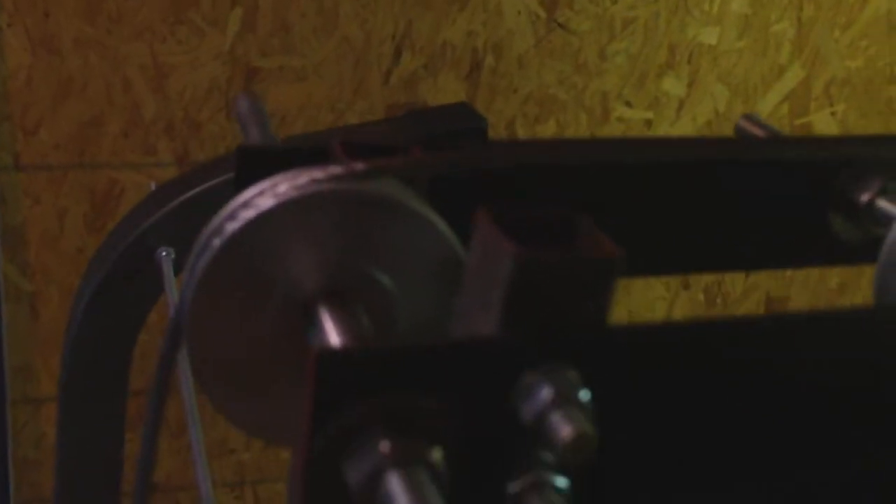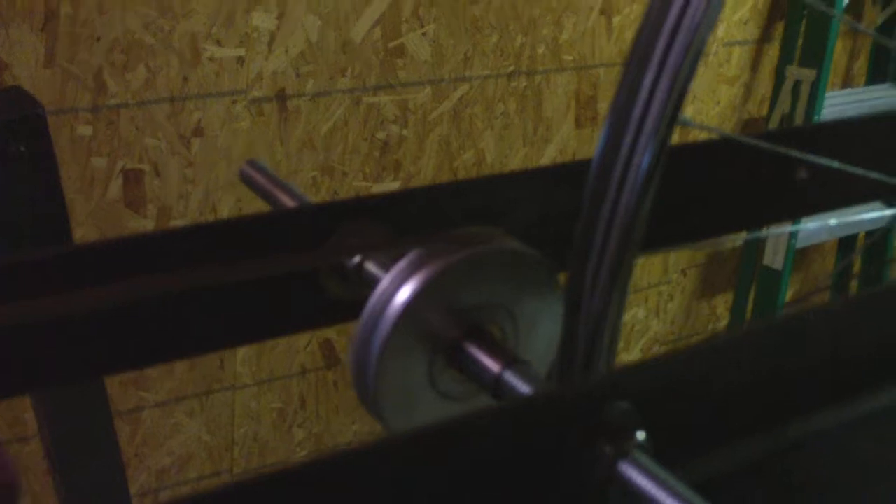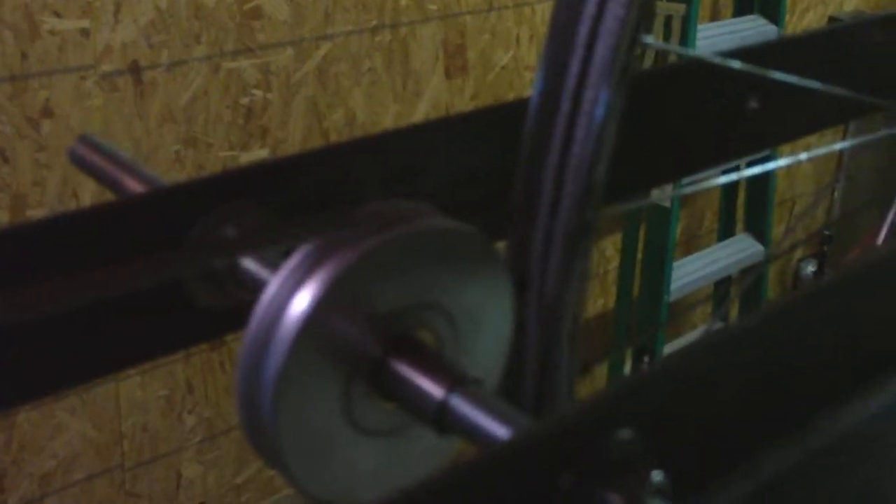I got a chance to finally work on the project a little bit. I wanted to show you guys where I'm at. I installed the pulleys. Hopefully you can see that. They're not completely done, but...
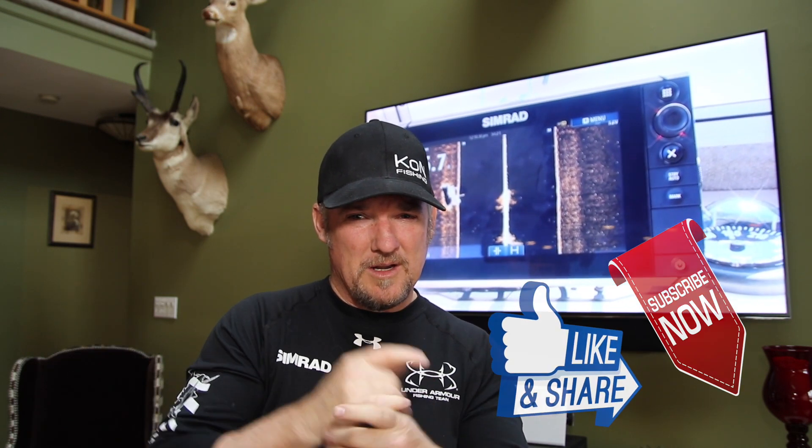Thanks for watching You Go Cheese Outdoors. If you have a second, subscribe, like, and make a comment or two. Thanks for watching — got to go!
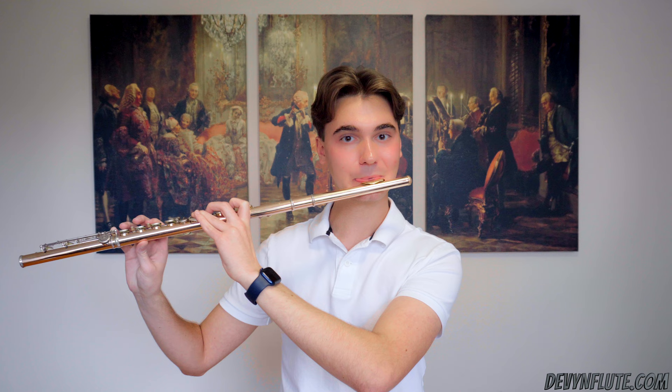Conversely, sometimes people play too rolled in. That won't create an air sound, but it will create a dull, kind of tight, kind of annoying sound that is not really pleasant. It'll also make you quieter and flatter, neither of which we want in flute playing.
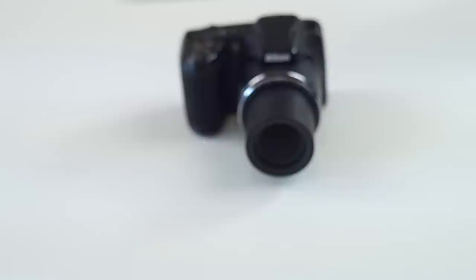Hey guys, what's going on, it's Carl here and this is my review of the cheapest super zoom camera that you can currently get on the market — it's the Nikon L330.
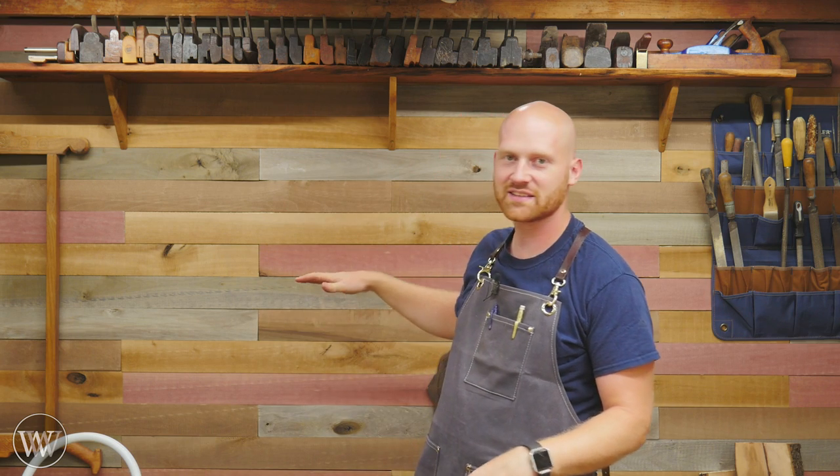There you have it — a very simple, very easy live edge shelf. Most people could build this in a day and I kind of like its simplicity. There really isn't that much to it, but it is very functional and has a good look to it. In the future, I'm going to be putting up a plane till and a saw till and other tool racks and things underneath this. This is the first step on this whole process.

====================

▶ [WORK REQUEST]
Reproduce precisely the lines of the listing above, from the line containing "Thanks for watching You" to the last line, both ends included. Pictures are to be omitted.

▶ [PROBLEM SOLUTION]
Thanks for watching You Go Cheese Outdoors. If you have a second, subscribe, like, and make a comment or two. Thanks for watching — got to go!
Conversely, sometimes people play too rolled in. That won't create an air sound, but it will create a dull, kind of tight, kind of annoying sound that is not really pleasant. It'll also make you quieter and flatter, neither of which we want in flute playing.
Hey guys, what's going on, it's Carl here and this is my review of the cheapest super zoom camera that you can currently get on the market — it's the Nikon L330.
There you have it — a very simple, very easy live edge shelf. Most people could build this in a day and I kind of like its simplicity. There really isn't that much to it, but it is very functional and has a good look to it. In the future, I'm going to be putting up a plane till and a saw till and other tool racks and things underneath this. This is the first step on this whole process.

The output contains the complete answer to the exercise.